* [Exercise aim]: Output exactly, and only, the lines below from the one with "Interior entryway with" down to the one with "Kind mit Fäustlingen". Include both end lines and no pictures.

*** Opening of Available data ***

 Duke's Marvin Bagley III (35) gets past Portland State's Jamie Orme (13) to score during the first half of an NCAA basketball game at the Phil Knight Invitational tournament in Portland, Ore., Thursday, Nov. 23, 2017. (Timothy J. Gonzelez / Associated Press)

*** Close of Available data ***
*** Opening of Available data ***

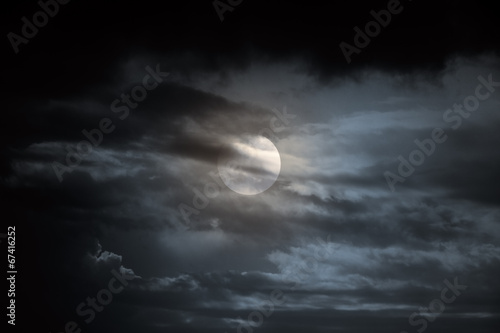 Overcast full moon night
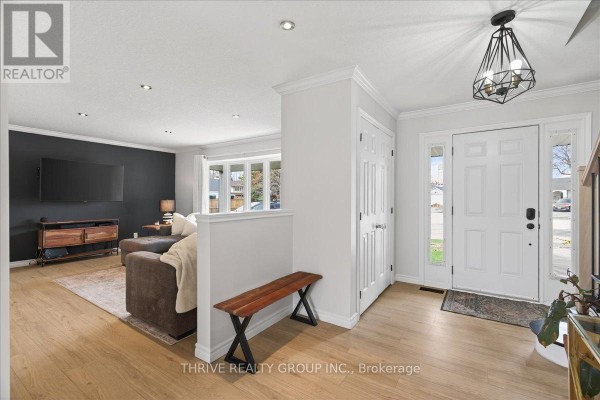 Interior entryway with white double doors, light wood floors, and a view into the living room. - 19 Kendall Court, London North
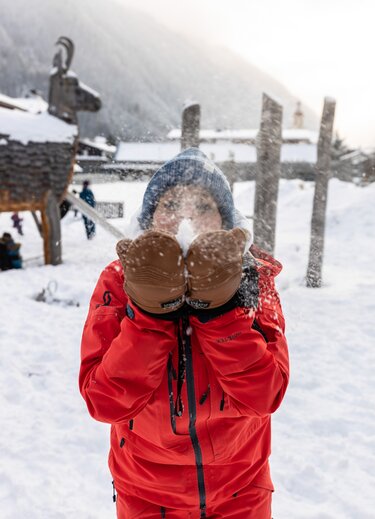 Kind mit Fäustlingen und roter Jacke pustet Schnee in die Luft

*** Close of Available data ***

* [Task output]:
 Interior entryway with white double doors, light wood floors, and a view into the living room. - 19 Kendall Court, London North
 Kind mit Fäustlingen und roter Jacke pustet Schnee in die Luft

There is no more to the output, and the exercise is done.